In the copy, include no images, and repeat each entry precisely as written.

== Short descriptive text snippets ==
===
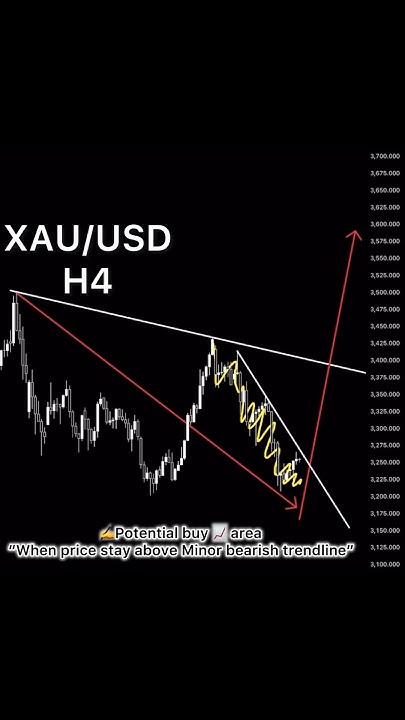 pipcharts's tweet card. #XAUUSD (13MAY2025)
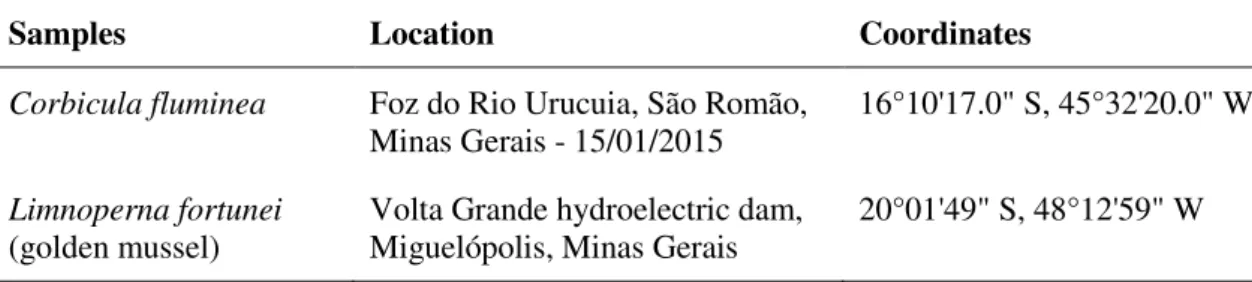 Table 1. Collection points for each of the species used in this work. 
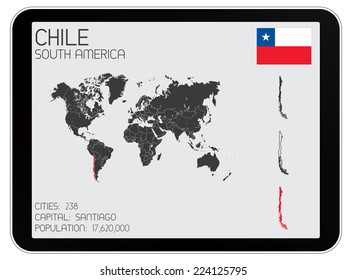A Set of Infographic Elements for the Country of Chile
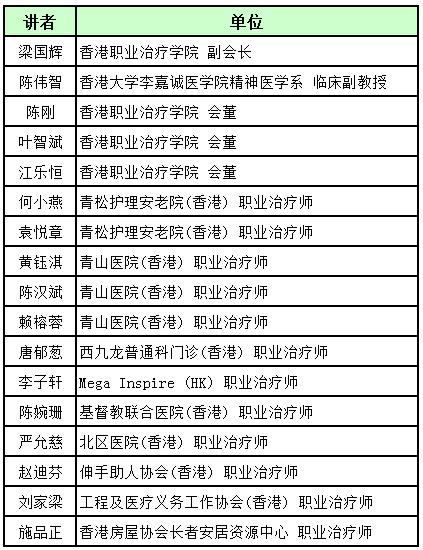 作业治疗年会,作业治疗年会视频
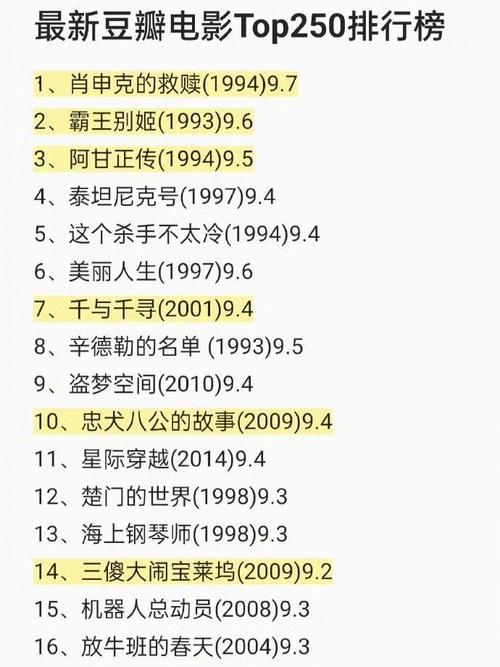 2022电影豆瓣排行榜前十名,2022电影豆瓣排行榜前十名有哪些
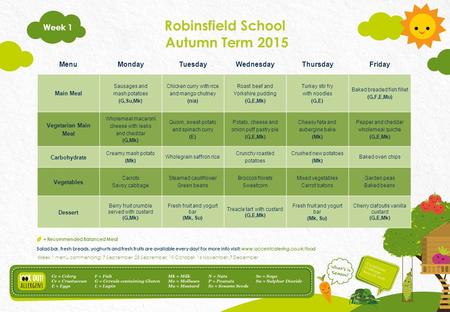 Robinsfield School Autumn Term 2015 Salad bar, fresh breads, yoghurts and fresh fruits are available every day! For more info visit: www.accentcatering.co.uk/food.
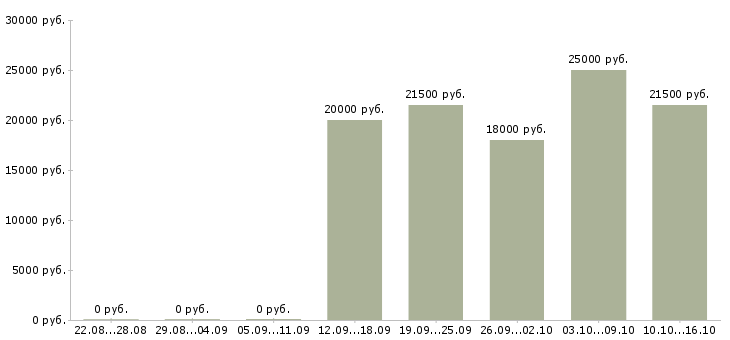 Вакансии с опытом работы бухгалтера Удмуртия - Медиана зарплат с опытом работы бухгалтера Удмуртия за 2 месяца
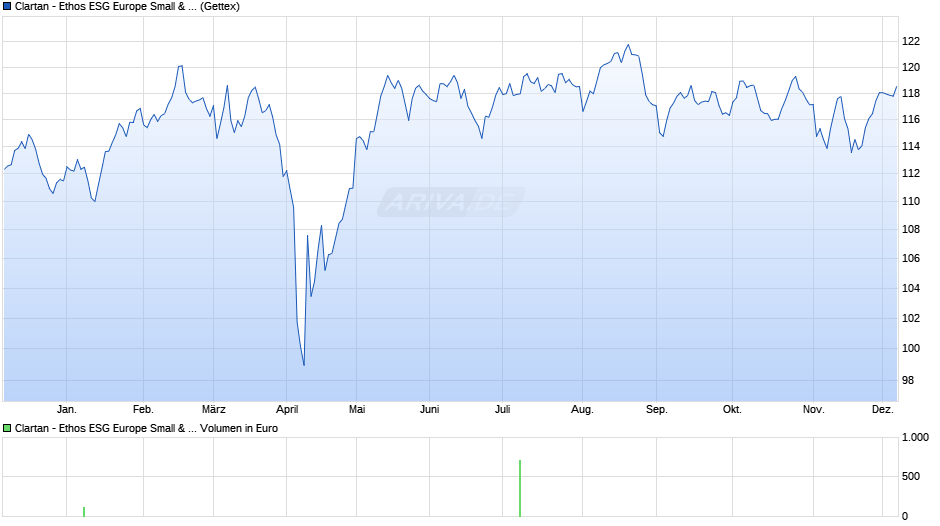 Clartan - Ethos ESG Europe Small & Mid Cap C Chart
===
== Task result ==
 pipcharts's tweet card. #XAUUSD (13MAY2025)
 Table 1. Collection points for each of the species used in this work. 
A Set of Infographic Elements for the Country of Chile
 作业治疗年会,作业治疗年会视频
 2022电影豆瓣排行榜前十名,2022电影豆瓣排行榜前十名有哪些
 Robinsfield School Autumn Term 2015 Salad bar, fresh breads, yoghurts and fresh fruits are available every day! For more info visit: www.accentcatering.co.uk/food.
 Вакансии с опытом работы бухгалтера Удмуртия - Медиана зарплат с опытом работы бухгалтера Удмуртия за 2 месяца
 Clartan - Ethos ESG Europe Small & Mid Cap C Chart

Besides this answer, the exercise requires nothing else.